*** Opening MATERIALS PROVIDED ***

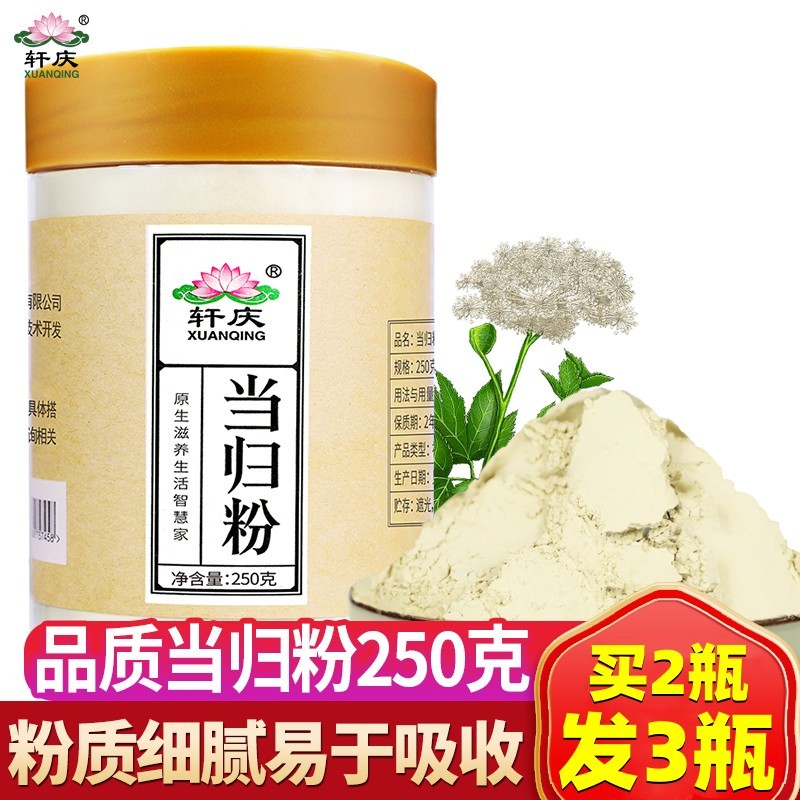 【买2发3】轩庆当归粉250g当归头片制粉益配黄芪当归党参茶粉无硫 传统滋补营养品 当归 原图主图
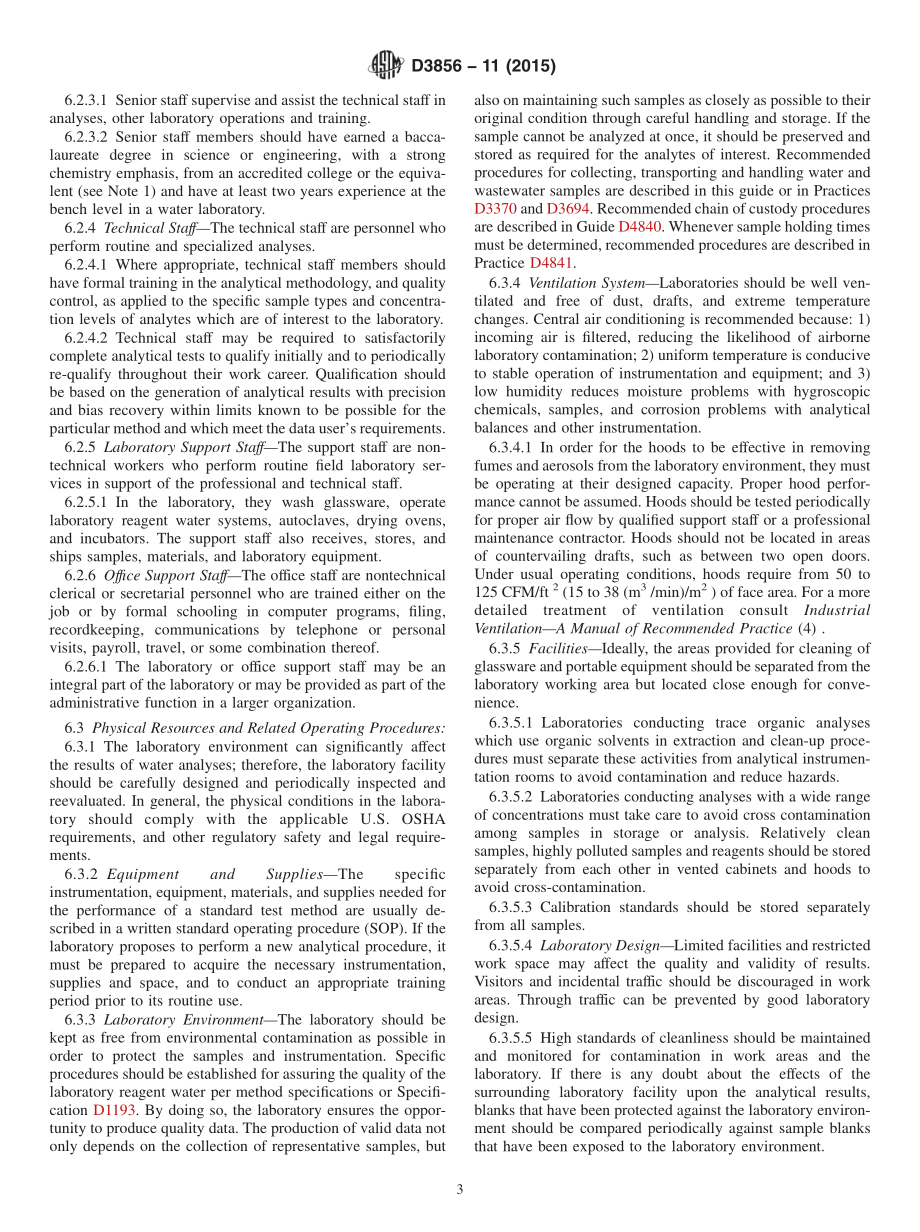 ASTM_D_3856_-_11_2015.pdf_第3页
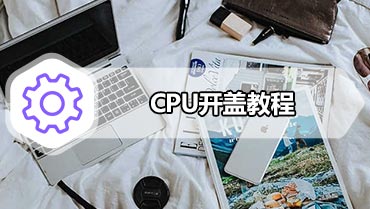 CPU开盖教程 CPU开盖换液金图文教程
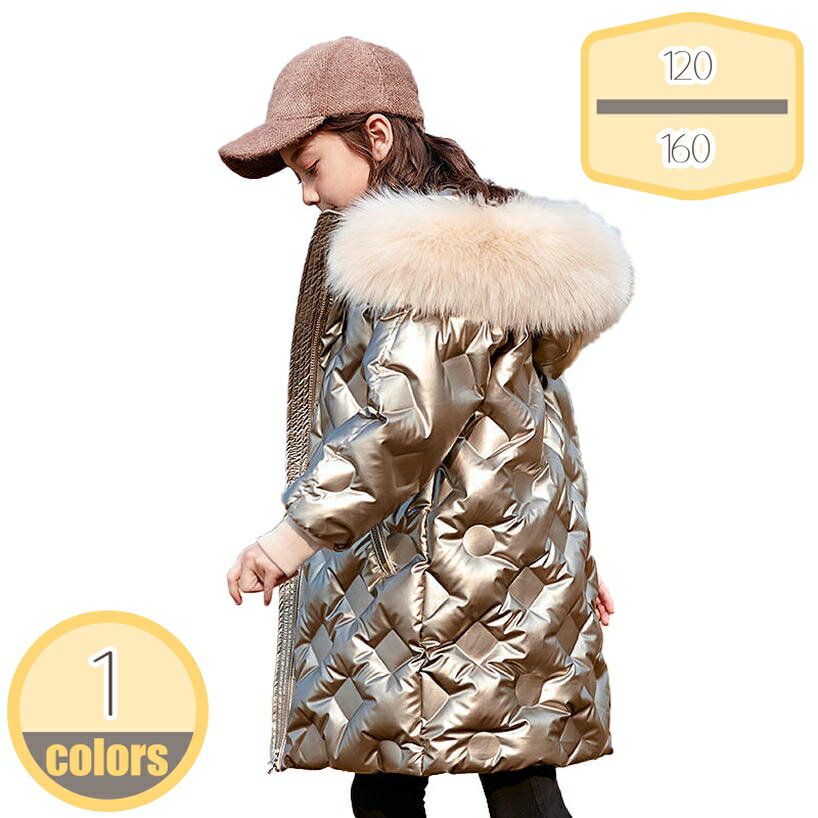1000円OFFクーポン 帽子付き ロングアウター ダウン フェイクファー ジャケット キッズ服 コート 女の子 ガールズ ダウンコート キッズ ダウンフード付き 厚手 軽量 防寒 子供用 フード付き 保育園 小学生 登山 薄手 暖かい 保温 防風 秋冬 おしゃれ hikari-plus
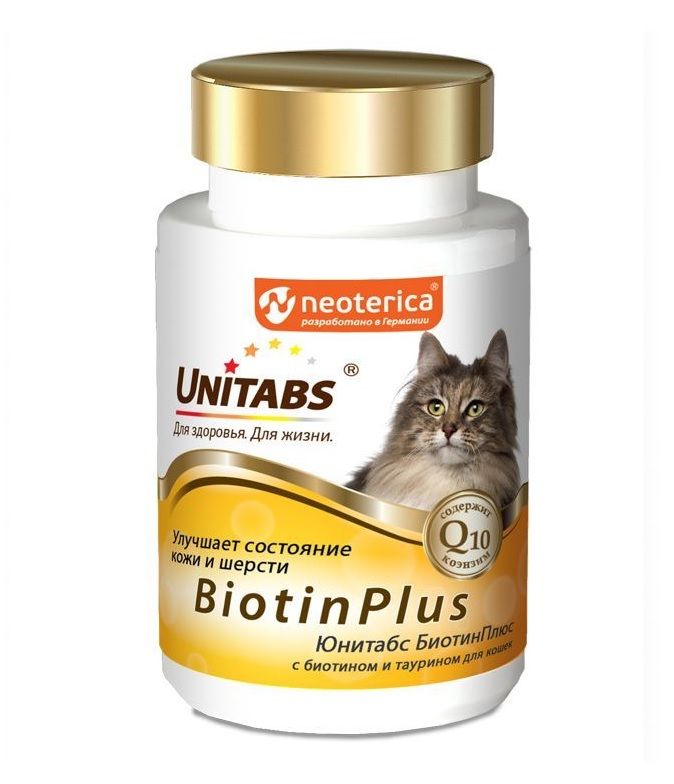 Unitabs Biotin Plus с Q10 для кошек 200 таб.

*** Closing MATERIALS PROVIDED ***

» WORK INSTRUCTIONS: Give every line above again exactly, with no pictures.

» EXERCISE RESULT:
 【买2发3】轩庆当归粉250g当归头片制粉益配黄芪当归党参茶粉无硫 传统滋补营养品 当归 原图主图
 ASTM_D_3856_-_11_2015.pdf_第3页
 CPU开盖教程 CPU开盖换液金图文教程
1000円OFFクーポン 帽子付き ロングアウター ダウン フェイクファー ジャケット キッズ服 コート 女の子 ガールズ ダウンコート キッズ ダウンフード付き 厚手 軽量 防寒 子供用 フード付き 保育園 小学生 登山 薄手 暖かい 保温 防風 秋冬 おしゃれ hikari-plus
 Unitabs Biotin Plus с Q10 для кошек 200 таб.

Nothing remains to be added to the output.